The key to understanding the equivalence of a matrix \(A\) and a diagonal matrix \(D\) is through the coordinate system defined by a basis consisting of eigenvectors of \(A\text{.}\) We will assume that \(A\) is an \(n\times n\) matrix and that there is a basis \(\mathcal{B}=\{\mathbf v_1,\mathbf v_2,\ldots,\mathbf v_n\}\) consisting of eigenvectors of \(A\) with associated eigenvalues \(\lambda_1, \lambda_2,\ldots,\lambda_n\text{.}\)

We know that if

\[ \mathbf x = c_1\mathbf v_1 + c_2\mathbf v_2 + \ldots + c_n\mathbf v_n\text{,} \]

then

\[ A\mathbf x = \lambda_1c_1\mathbf v_1 + \lambda_2c_2\mathbf v_2 + \ldots + \lambda_nc_n\mathbf v_n \text{.} \]

This fact is conveniently expressed using the coordinate system defined by \(\mathcal{B}\text{;}\) in particular,

\[ \left\{\mathbf{x}\right\}_{\mathcal{B}} = \fourvec{c_1}{c_2}{\vdots}{c_n},\qquad \left\{A\mathbf{x}\right\}_{\mathcal{B}} = \fourvec{\lambda_1c_1}{\lambda_2c_2}{\vdots}{\lambda_nc_n}\text{.} \]

Forming the diagonal matrix

\[ D = \left[\begin{array}{cccc} \lambda_1 & 0 & \ldots & 0 \\ 0 & \lambda_2 & \ldots & 0 \\ \vdots & \vdots & \ddots & 0 \\ 0 & 0 & \ldots & \lambda_n \\ \end{array}\right]\text{,} \]

we see that

\[ \left\{A\mathbf{x}\right\}_{\mathcal{B}} = D\left\{\mathbf{x}\right\}_{\mathcal{B}}\text{.} \]

We now use the fact that the matrix \(C_{\mathcal{B}} = \left[\begin{array}{cccc} \mathbf v_1 & \mathbf v_2 & \ldots & \mathbf v_n \end{array}\right]\) performs the change of coordinates; that is, \(\left\{A\mathbf{x}\right\}_{\mathcal{B}} = C_{\mathcal{B}}^{-1}A\mathbf x\) and \(\left\{\mathbf{x}\right\}_{\mathcal{B}} = C_{\mathcal{B}}^{-1}\mathbf x\text{.}\) This says that

\[ C_{\mathcal{B}}^{-1}A\mathbf x = DC_{\mathcal{B}}^{-1}\mathbf x\text{,} \]
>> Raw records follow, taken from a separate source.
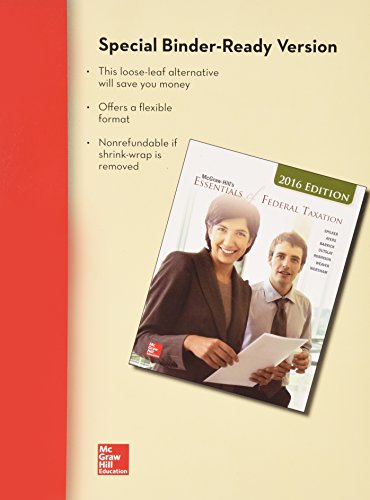 Loose Leaf For Mcgraw Hills Essentials Of Federal Taxation 2016 Edition 7e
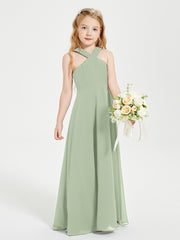 Grecian Neckline Long Dresses for Junior Bridesmaids Dusty Sage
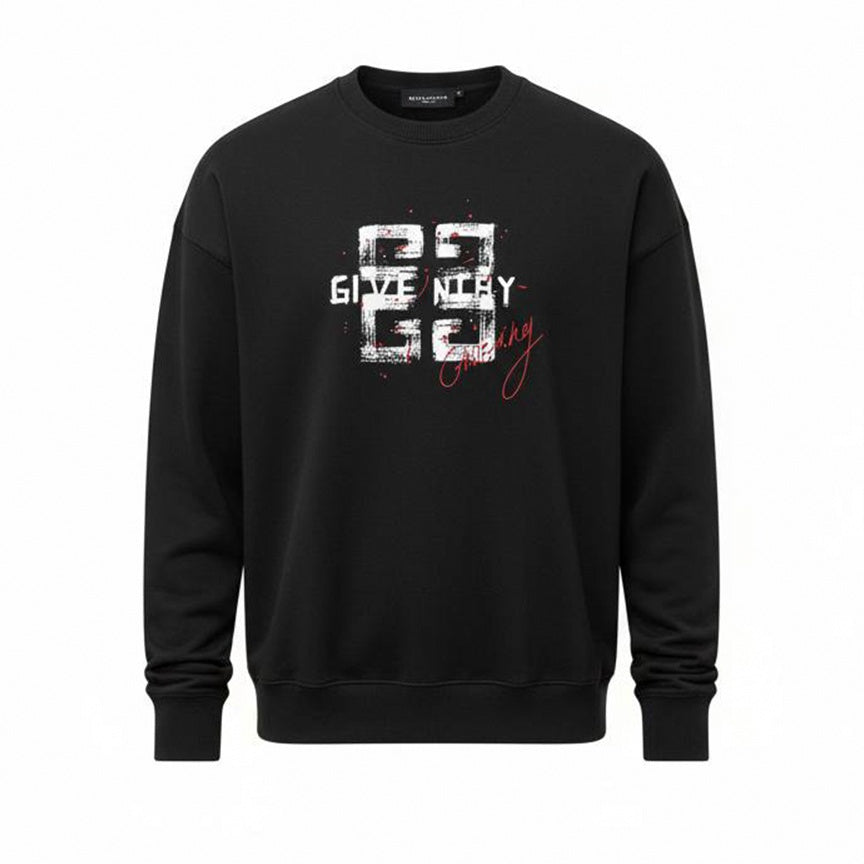 Givenchy Black Distressed Logo Crewneck Sweatshirt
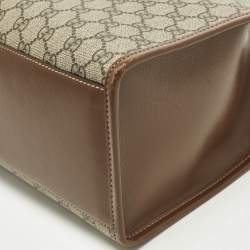 Pre Owned Gucci Interlocking G Beige/Brown GG Supreme Canvas and Leather Tote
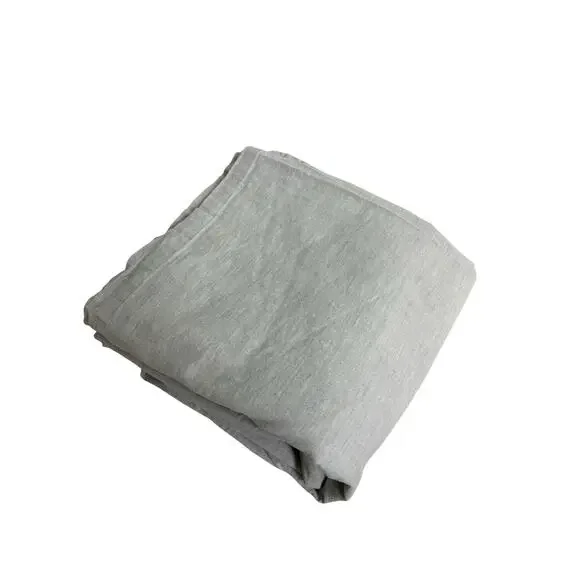 West Elm Hemp Cotton Blend Flat Sheet King Light Gray Chambray 108x102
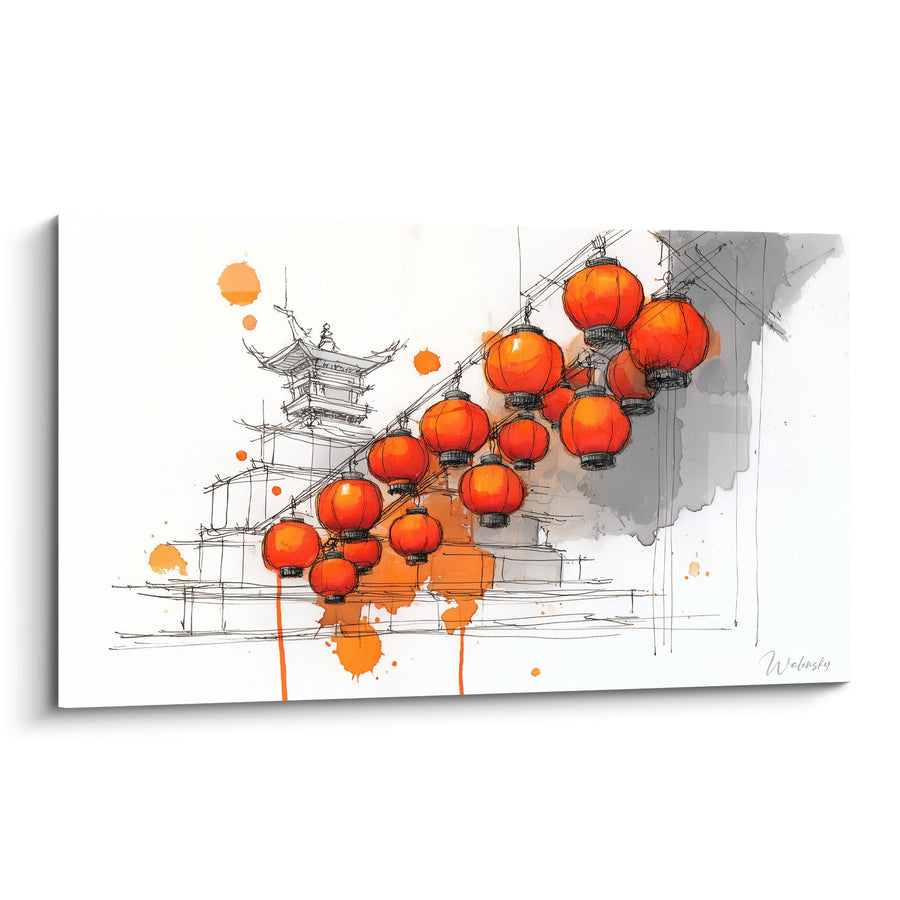 Tableau lanternes chinoises rouges suspendues pagode aquarelle gris orange - Lumières d'Orient - Edition Lanterne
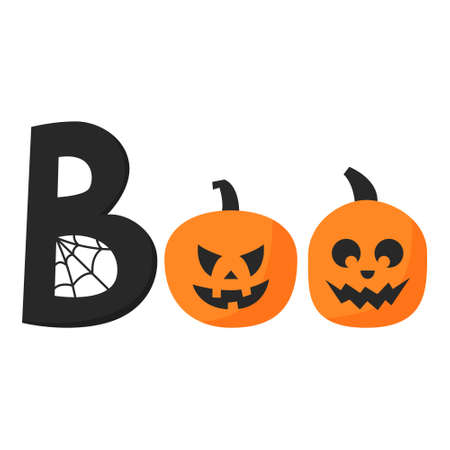 The word Buu with pumpkins and cobwebs is a decorative elementのイラスト素材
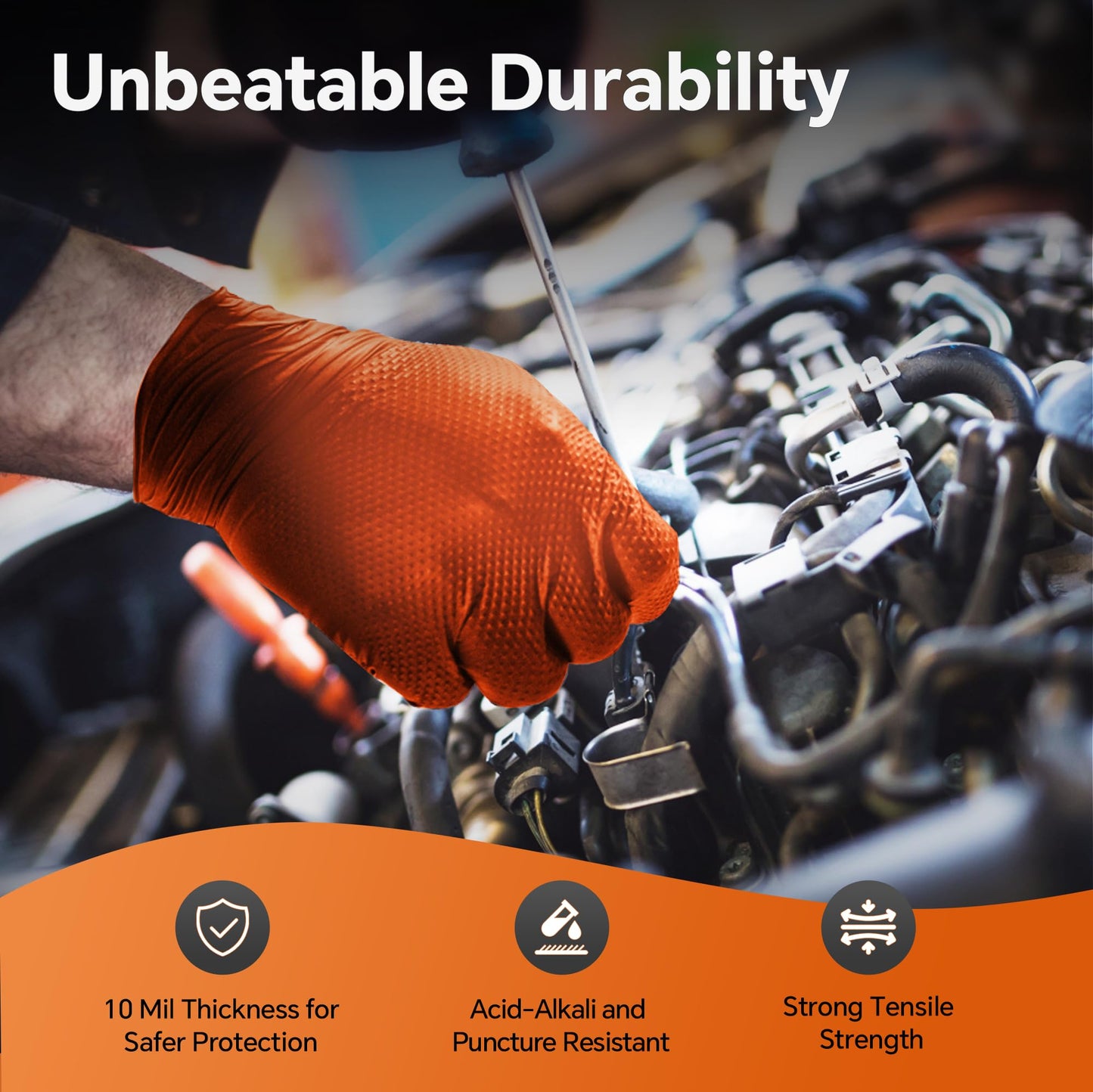 UYKKE 10mil Nitrile Gloves Disposable Rubber Latex Mechanic Gloves,Industrial Disposable Mechanic Latex Rubber Mechanics Glove Heavy Duty Nitrile Glove XL with Diamond Textured(101, X-Large)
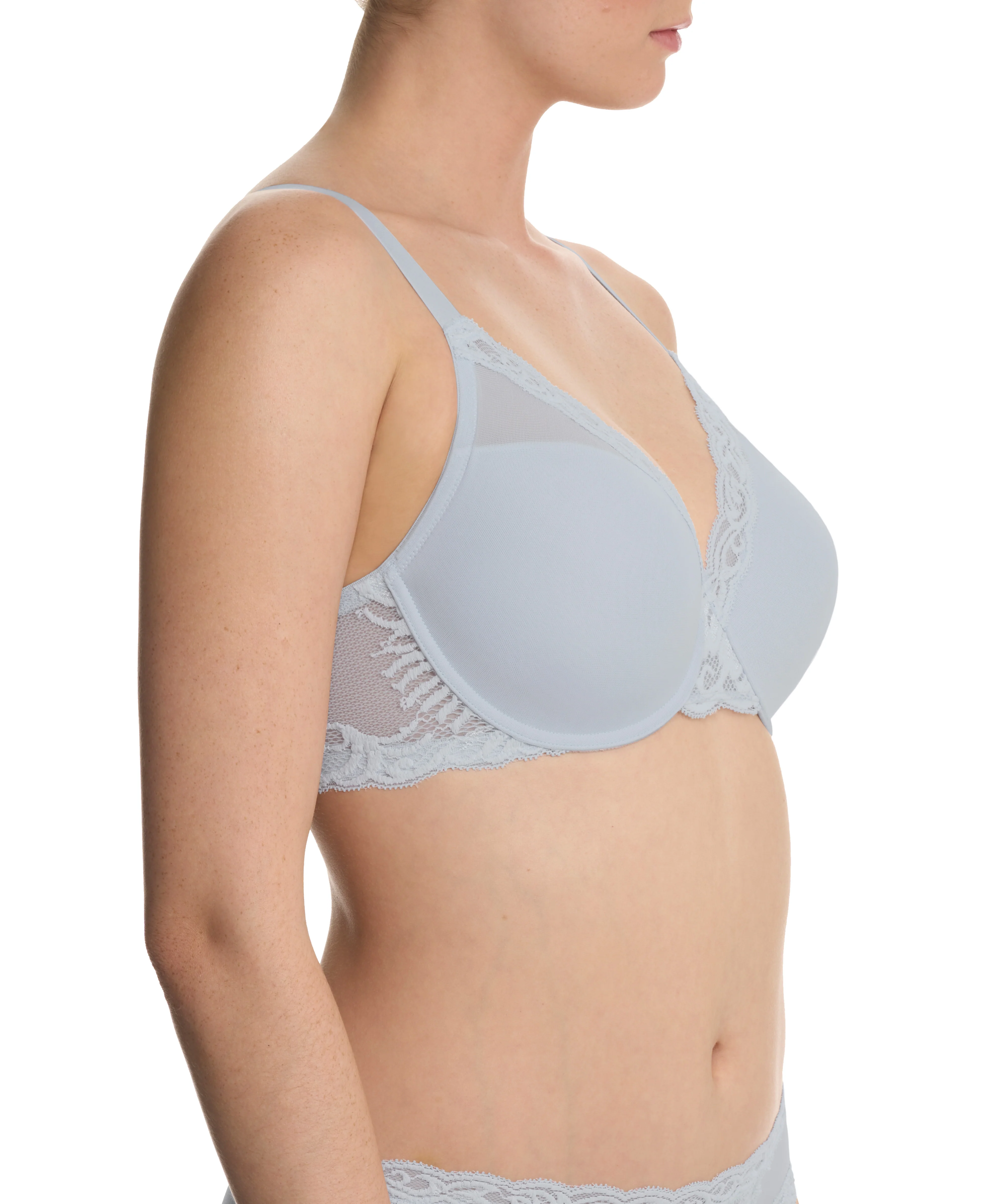 Feathers Lace Full Figure Plunge T-Shirt Bra - Image 2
for all vectors \(\mathbf x\text{,}\) which means that \(C_{\mathcal{B}}^{-1}A = DC_{\mathcal{B}}^{-1}\) or

\[ A = C_{\mathcal{B}}DC_{\mathcal{B}}^{-1}\text{.} \]

So that the form of this expression stands out more clearly, it is customary to denote the matrix \(C_{\mathcal{B}}\) as \(P\) so that we have \(P = C_{\mathcal{B}}\) and hence

\[ A = PDP^{-1}\text{.} \]

\[ A = PDP^{-1}\text{.} \]

This is the sense in which we mean that \(A\) is equivalent to a diagonal matrix \(D\text{.}\) The expression \(A=PDP^{-1}\) says that \(A\text{,}\) expressed in the basis defined by the columns of \(P\text{,}\) has the same geometric effect as \(D\text{,}\) expressed in the standard basis \(\mathbf e_1, \mathbf e_2,\ldots,\mathbf e_n\text{.}\)

We have now seen the following proposition.

In fact, if we only know that \(A = PDP^{-1}\) where \(P = \left[\begin{array}{cccc} \mathbf v_1 & \mathbf v_2 & \ldots \mathbf v_n \end{array}\right]\text{,}\) we can say that the vectors \(\mathbf v_j\) are eigenvectors of \(A\) and that the associated eigenvalue is the \(j^{th}\) diagonal entry of \(D\text{.}\)

Activity 4.3.3.

1. Find a diagonalization of \(A\text{,}\) if one exists, when

   \[ A = \left[\begin{array}{rr} 3 & -2 \\ 6 & -5 \\ \end{array}\right]\text{.} \]

    

2. Can the diagonal matrix

   \[ A = \left[\begin{array}{rr} 2 & 0 \\ 0 & -5 \\ \end{array}\right] \]

    

   be diagonalized? If so, explain how to find the matrices \(P\) and \(D\text{.}\)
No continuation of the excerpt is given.